━━━ Given records ━━━

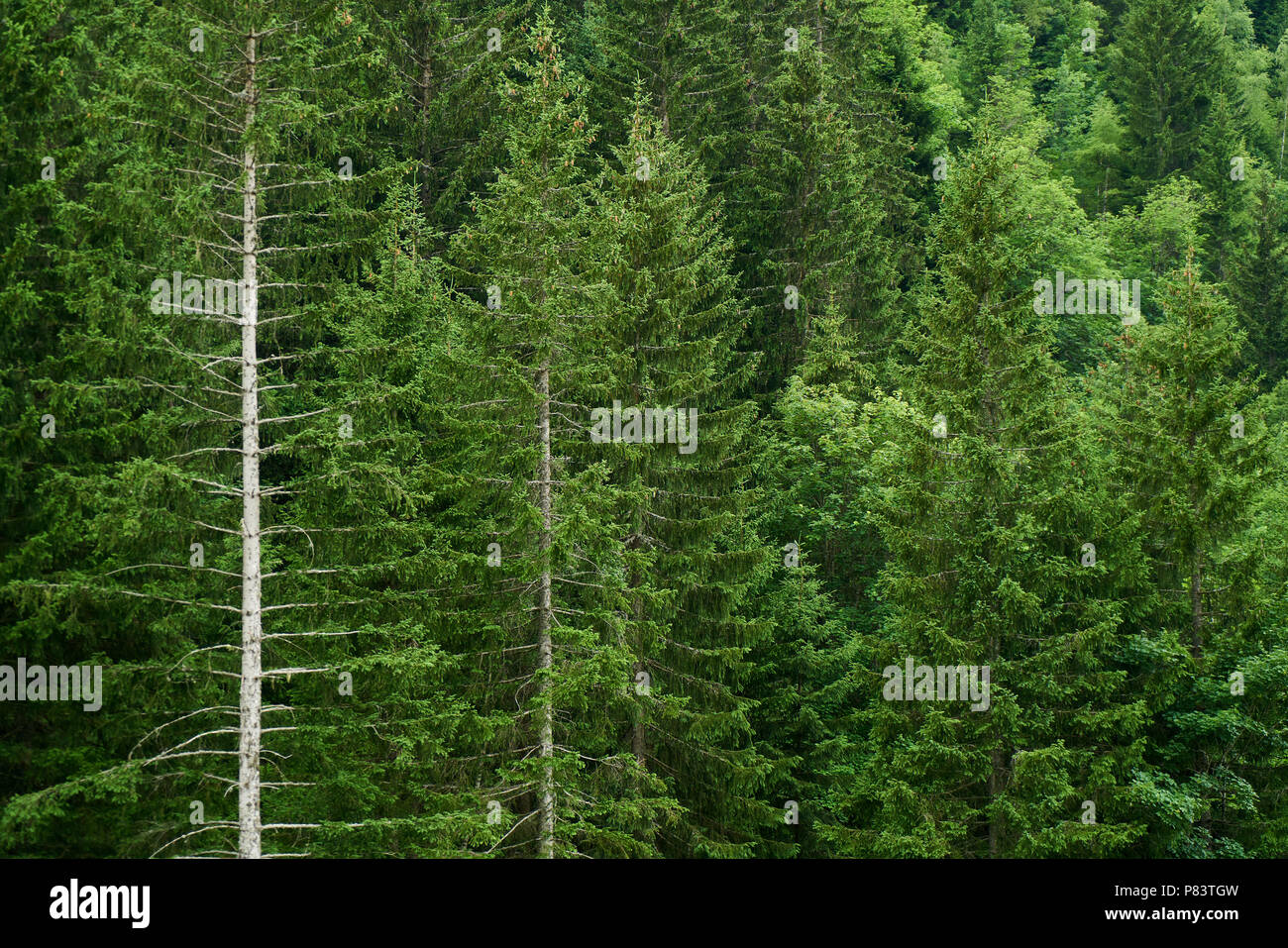 Vert forêt avec sapins et autres arbres Banque D'Images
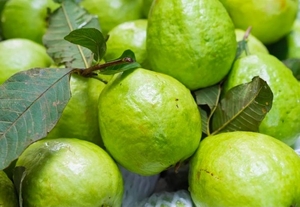 జామకాయ
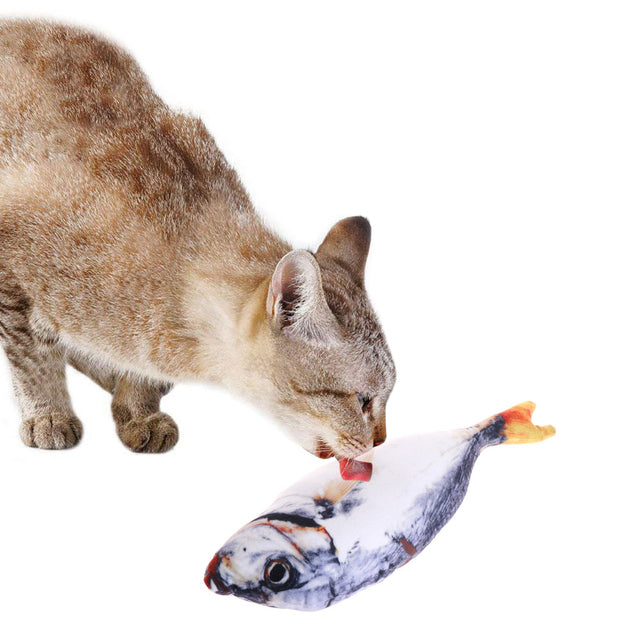 Playful Fish Cat Toy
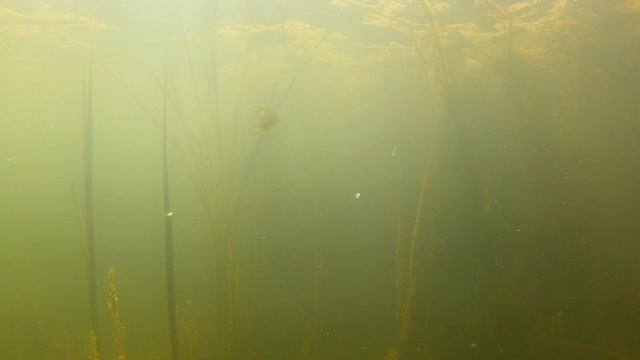 Ловля ротана и карася на наноджиг и мормышинг в затопленных мраморных карьерах в Колюткино
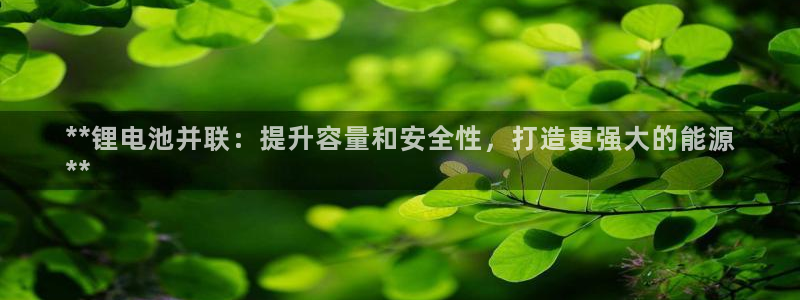尊龙体育电竞官网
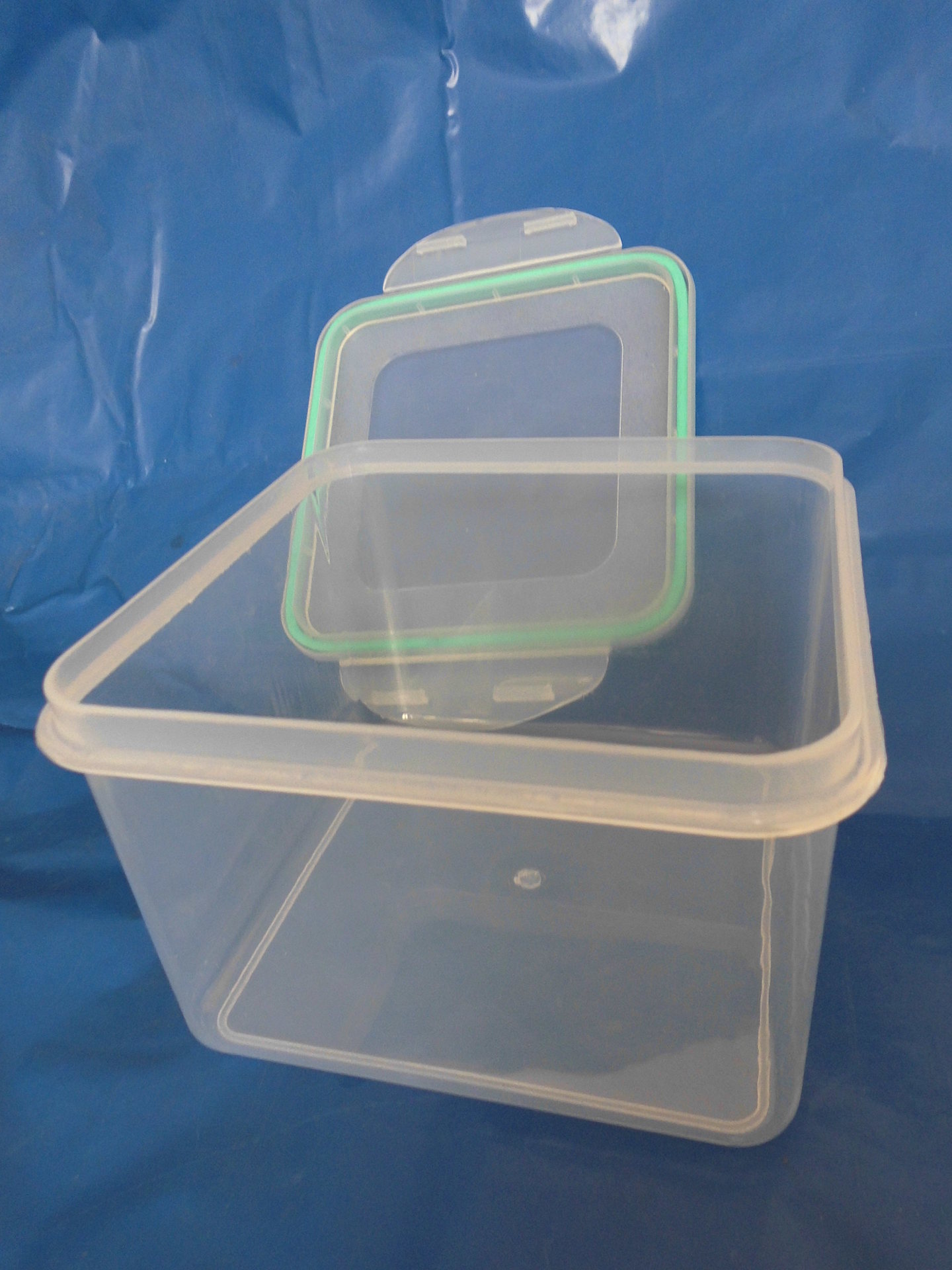 沧州塑料盒|厂家供应一级料塑料盒1000g|透明微波炉塑料盒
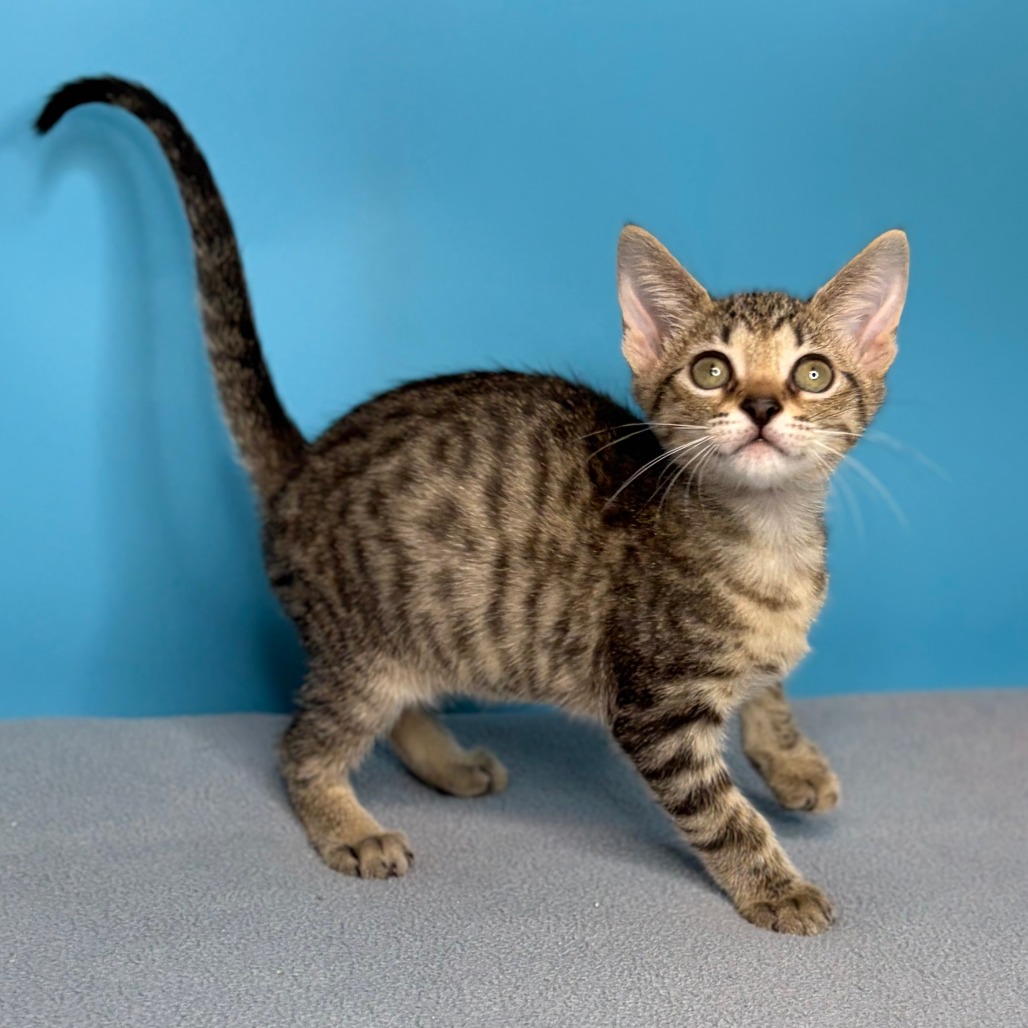 APRIL - Domestic Shorthair available for adoption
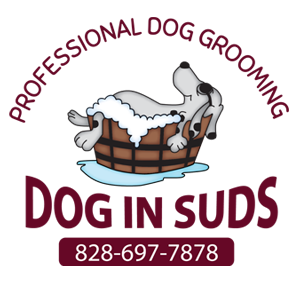 Dog In Suds Pet Grooming and Doggy Daycare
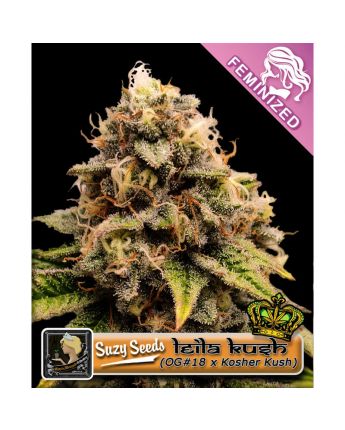 Leila Kush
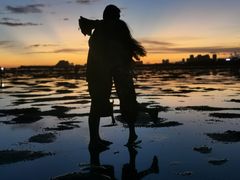 -北海金海湾红树林生态旅游区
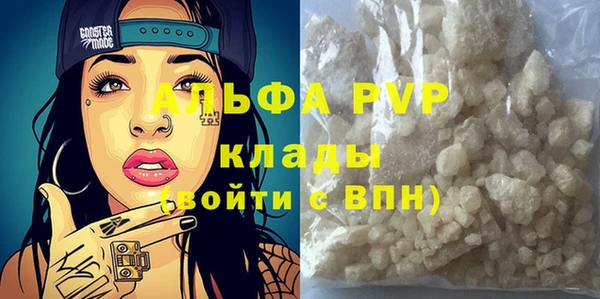 прущие грибы Усолье-Сибирское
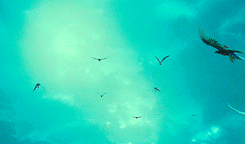 bagginshield:  All we have to decide is what to do with the time that is given us.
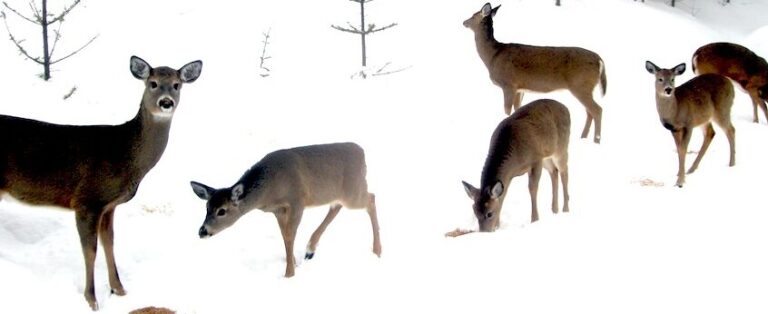 strategies de survie hivernale chez les cerfs tout savoir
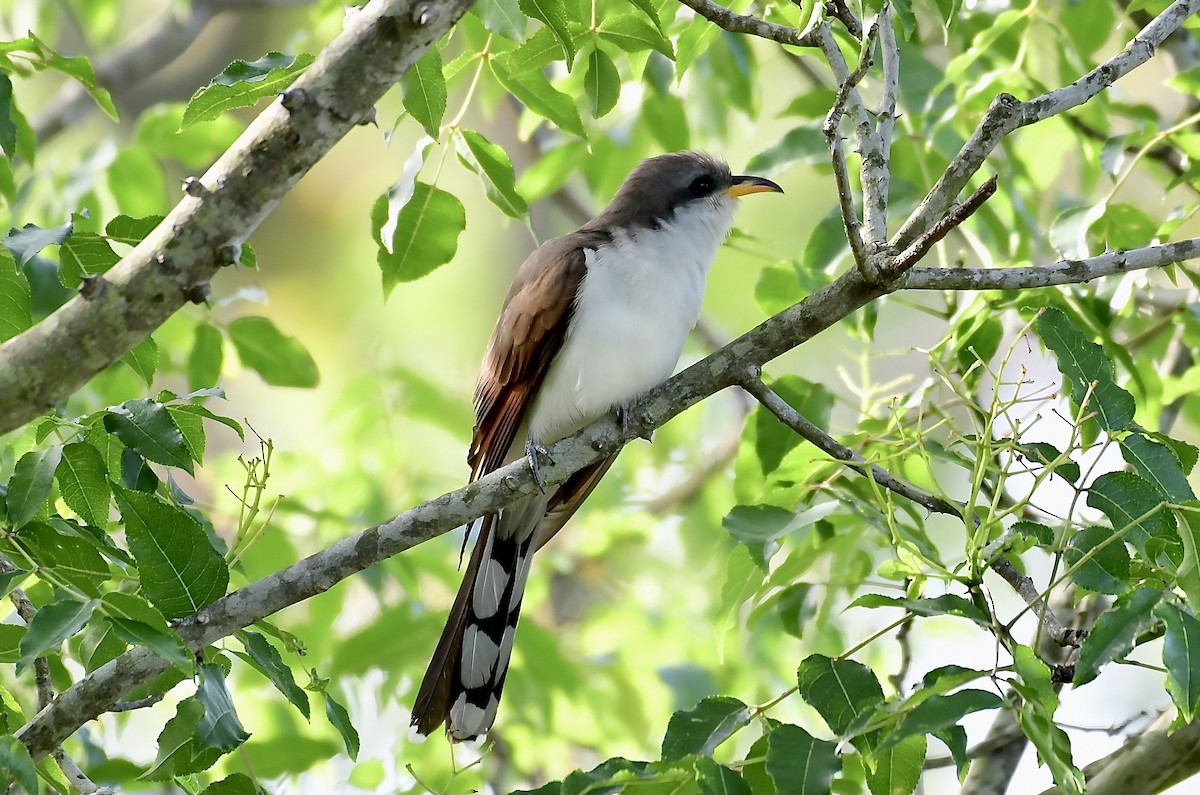 Yellow-billed Cuckoo - Jimmie Dufault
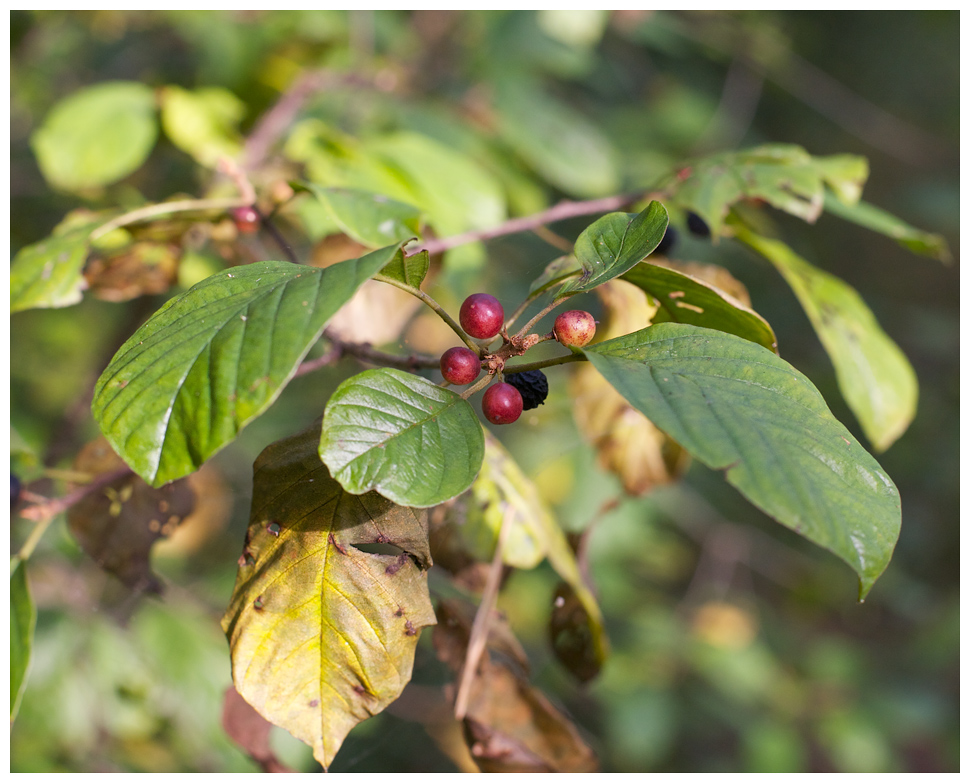 Beeren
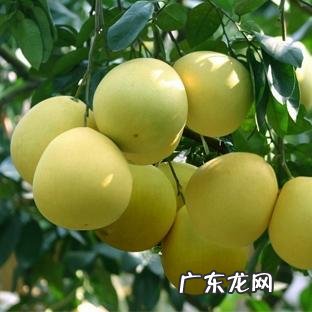 红心柚子比平常的柚子营养丰富吗？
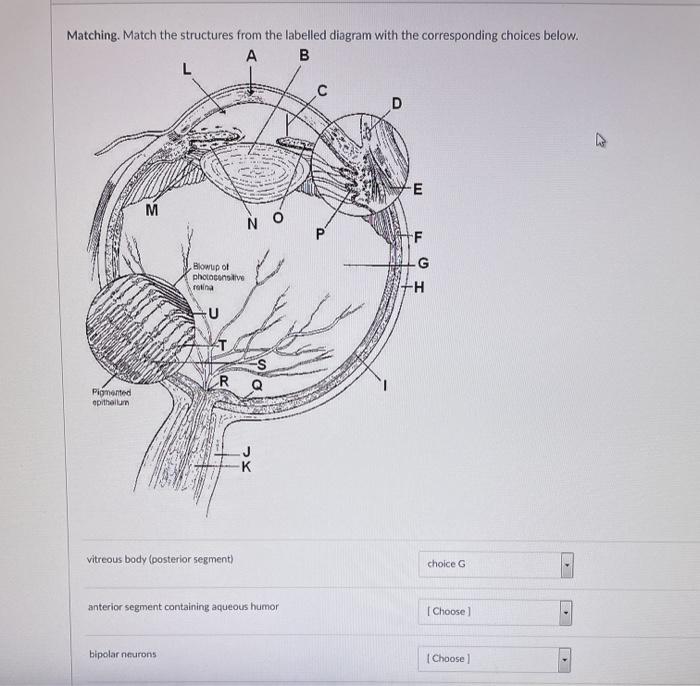 Solved Matching. Match the structures from the labelled | Chegg.com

━━━

◆ **Exercise requirements**
Copy each line of the records above without change, but do not include any picture.

◆ **Written answer**
 Vert forêt avec sapins et autres arbres Banque D'Images
 జామకాయ
 Playful Fish Cat Toy
 Ловля ротана и карася на наноджиг и мормышинг в затопленных мраморных карьерах в Колюткино
尊龙体育电竞官网
 沧州塑料盒|厂家供应一级料塑料盒1000g|透明微波炉塑料盒
 APRIL - Domestic Shorthair available for adoption
 Dog In Suds Pet Grooming and Doggy Daycare
 Leila Kush
 -北海金海湾红树林生态旅游区
 прущие грибы Усолье-Сибирское
 bagginshield:  All we have to decide is what to do with the time that is given us.
 strategies de survie hivernale chez les cerfs tout savoir
 Yellow-billed Cuckoo - Jimmie Dufault
 Beeren
 红心柚子比平常的柚子营养丰富吗？
 Solved Matching. Match the structures from the labelled | Chegg.com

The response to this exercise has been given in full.